La tercera ronda de negociaciones bilaterales sobre la Revisión Conjunta del Tratado entre México, Estados Unidos y Canadá concluyó después de varias jornadas intensas de trabajo entre las delegaciones de ambos países. Los equipos abordaron temas centrales como la seguridad económica, las condiciones laborales, el sector agropecuario, los servicios de pagos electrónicos y las industrias del acero, aluminio y automóviles. Participaron la presidenta de México, Claudia Sheinbaum, el secretario de Economía, Marcelo Ebrard, el representante comercial de Estados Unidos, Jamieson Greer, y el embajador de México en ese país, Ronald D. Johnson.

El encuentro se desarrolló en un contexto donde las cadenas de suministro regionales enfrentan presiones derivadas de cambios en las políticas comerciales globales. Las discusiones permitieron aclarar posiciones sobre el contenido regional y los mecanismos de verificación que el tratado establece para evitar prácticas que distorsionen el comercio.
Posición del sector empresarial mexicano
El presidente del Consejo Coordinador Empresarial, José Medina Mora, señaló que el acuerdo vigente otorga certidumbre por al menos diez años más. Esta estabilidad, según el organismo, permite a México consolidarse como socio estratégico para la competitividad de América del Norte y facilita la relocalización de plantas manufactureras. El CCE, que agrupa más de dos mil asociaciones y representa cerca del 80 por ciento del producto interno bruto del país, destacó que México importa más de 330 mil millones de dólares en bienes estadounidenses cada año, lo que genera empleos en la economía vecina. Además, el 63 por ciento de las exportaciones mexicanas hacia Estados Unidos corresponde a bienes intermedios y de capital que se incorporan directamente a procesos productivos estadounidenses.
Próximos pasos en la revisión del tratado
Las delegaciones acordaron reanudar el diálogo en septiembre de 2026 con una cuarta ronda que se celebrará en Washington, D.C. El sector empresarial mexicano reiteró su disposición a colaborar en la preparación de la postura nacional para ese encuentro. Esta participación busca asegurar que los ajustes al tratado refuercen la integración productiva sin introducir barreras innecesarias que afecten el flujo de inversiones.

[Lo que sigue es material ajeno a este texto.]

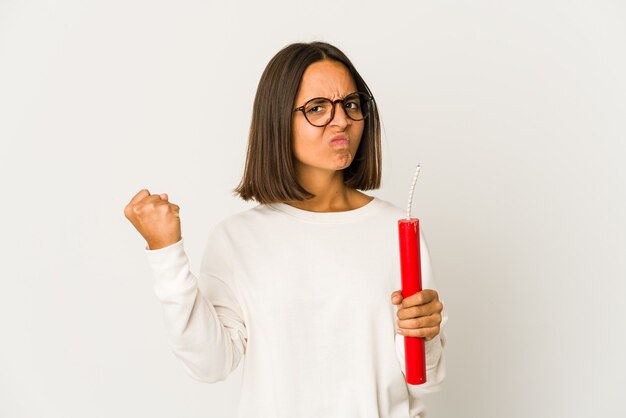 Young hispanic mixed race woman holding a dynamite showing fist to camera, aggressive facial expression.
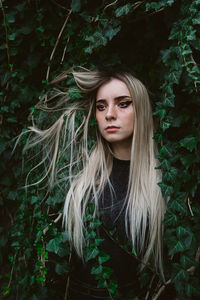 Beautiful young woman looking away while standing by plants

Precisión sobre aranceles anunciados
Tras la conclusión de la ronda, la presidenta Claudia Sheinbaum aclaró que la economía mexicana no enfrenta un nuevo arancel derivado de la revisión. El gravamen del 10 por ciento vinculado al combate contra el trabajo forzado sustituye un arancel global anterior que vencía el 24 de julio y no modifica las condiciones comerciales establecidas desde 2025. Los productos incluidos en el tratado mantienen tarifa cero, mientras que aquellos fuera del acuerdo continúan con una tasa del 25 por ciento, principalmente en los sectores automotriz, acero y aluminio. La medida, conocida como “el trescientos uno”, aplica a países que exportan bienes producidos mediante trabajo forzado, pero en el caso de México no representa un cambio sustancial respecto a lo ya vigente.
Otros países notificados con el mismo incremento incluyen Argentina, Bangladesh, Camboya, Canadá, Ecuador, El Salvador, Guatemala, Honduras, India, Indonesia, Jordania, Malasia, Pakistán, Sri Lanka, Trinidad y Tobago y el Reino Unido. Esta lista muestra que la política comercial estadounidense busca establecer estándares comunes en materia laboral sin alterar de manera unilateral las reglas del T-MEC.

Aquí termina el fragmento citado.